• **ABOUT THIS EXERCISE**
In the records below, find every line that contains "Compatible" and list it.

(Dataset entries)
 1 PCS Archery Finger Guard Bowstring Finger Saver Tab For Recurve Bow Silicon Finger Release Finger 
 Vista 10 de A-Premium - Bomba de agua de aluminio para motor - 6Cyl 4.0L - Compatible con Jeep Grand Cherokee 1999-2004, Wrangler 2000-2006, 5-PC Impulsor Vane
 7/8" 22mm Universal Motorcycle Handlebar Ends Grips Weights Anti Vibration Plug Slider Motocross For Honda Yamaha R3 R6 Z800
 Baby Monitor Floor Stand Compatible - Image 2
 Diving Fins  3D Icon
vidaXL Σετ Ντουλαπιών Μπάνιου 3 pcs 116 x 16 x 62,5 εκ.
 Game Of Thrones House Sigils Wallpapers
---
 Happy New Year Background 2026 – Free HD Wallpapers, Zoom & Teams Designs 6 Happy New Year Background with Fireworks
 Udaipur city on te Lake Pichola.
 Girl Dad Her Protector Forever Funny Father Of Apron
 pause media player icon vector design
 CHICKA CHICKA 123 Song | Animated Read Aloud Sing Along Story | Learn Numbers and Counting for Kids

• **TASK SOLUTION**
 Vista 10 de A-Premium - Bomba de agua de aluminio para motor - 6Cyl 4.0L - Compatible con Jeep Grand Cherokee 1999-2004, Wrangler 2000-2006, 5-PC Impulsor Vane
 Baby Monitor Floor Stand Compatible - Image 2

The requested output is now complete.